:: Provided data ::
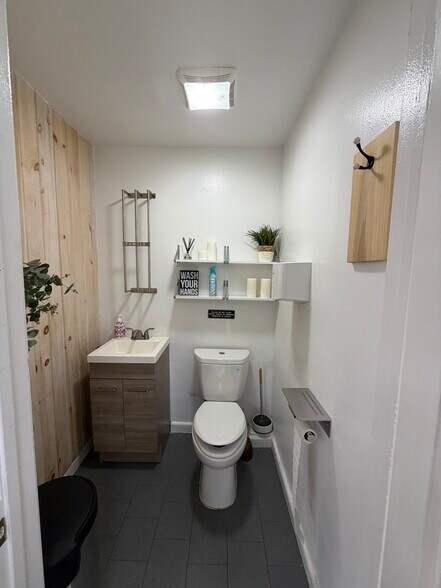 More Photos Of 2909 Ditmars Blvd, Astoria Flex For Lease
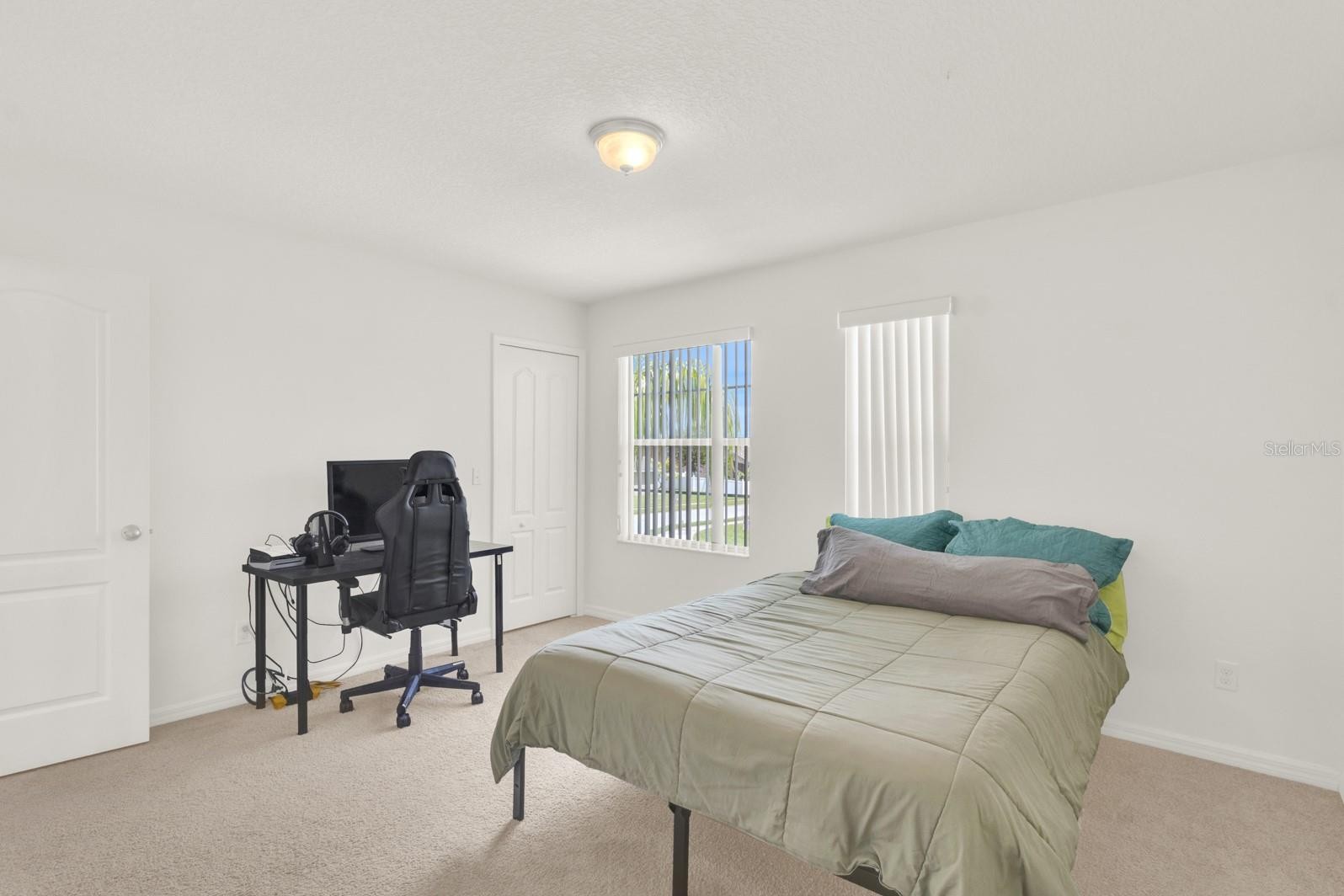 ORLANDO, Florida, 32824, United States, 4 Bedrooms Bedrooms, ,3 BathroomsBathrooms,Residential,For Sale,1879509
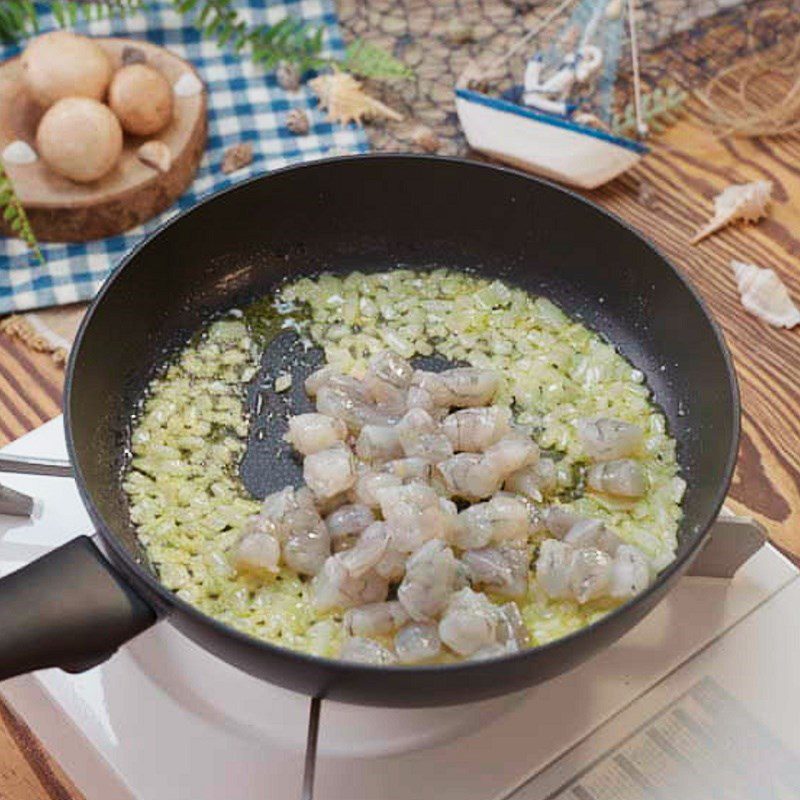 Step 1 Sauté shrimp and squid Baked Cheese Seafood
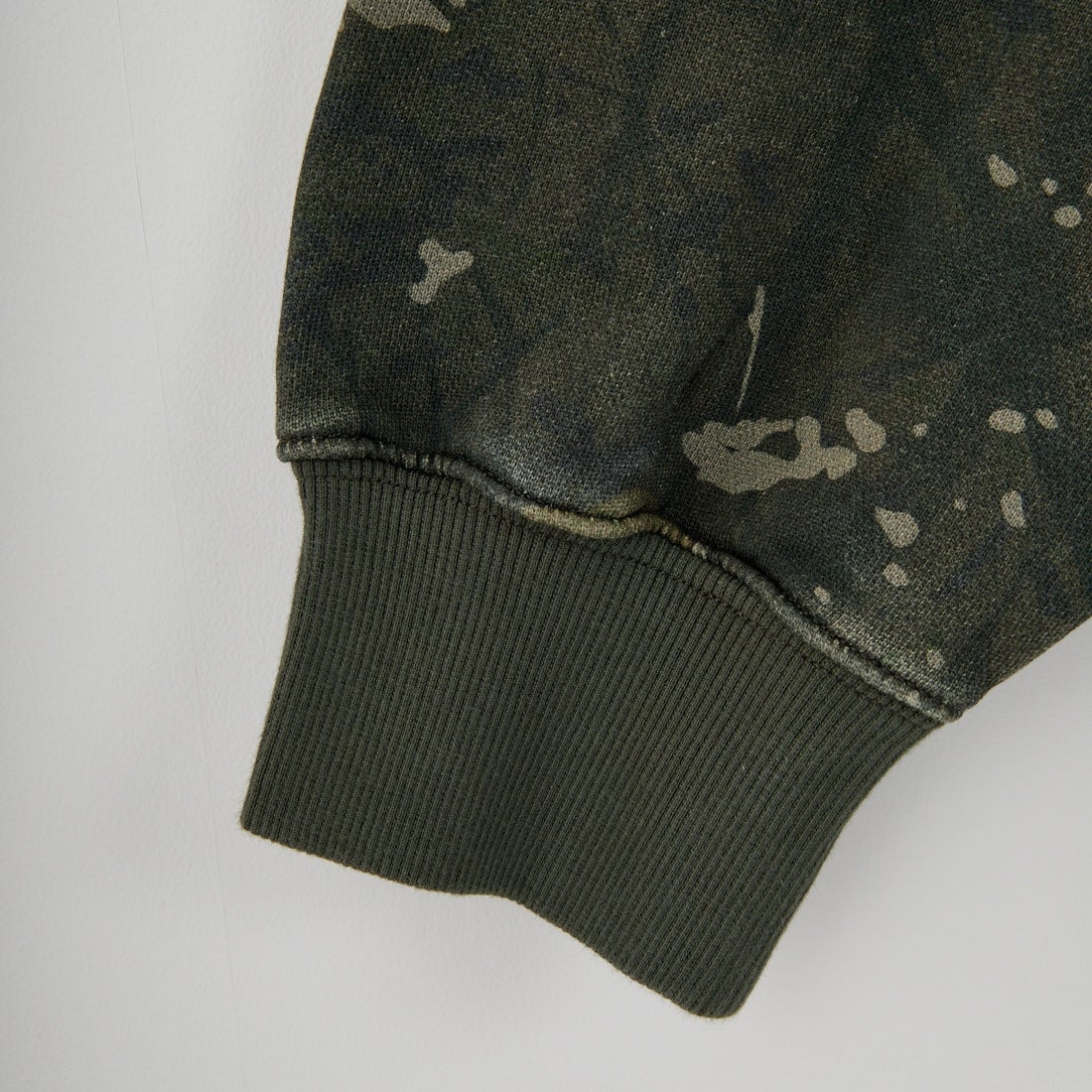 carhartt WIP [カーハートダブリューアイピー] カモ柄フーデッドベントンスウェットシャツ [I034589] CAMO COMBI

:: Work item ::
Your reply should be the full data above, copied exactly, with no pictures in it.

:: Expected answer ::
 More Photos Of 2909 Ditmars Blvd, Astoria Flex For Lease
 ORLANDO, Florida, 32824, United States, 4 Bedrooms Bedrooms, ,3 BathroomsBathrooms,Residential,For Sale,1879509
 Step 1 Sauté shrimp and squid Baked Cheese Seafood
 carhartt WIP [カーハートダブリューアイピー] カモ柄フーデッドベントンスウェットシャツ [I034589] CAMO COMBI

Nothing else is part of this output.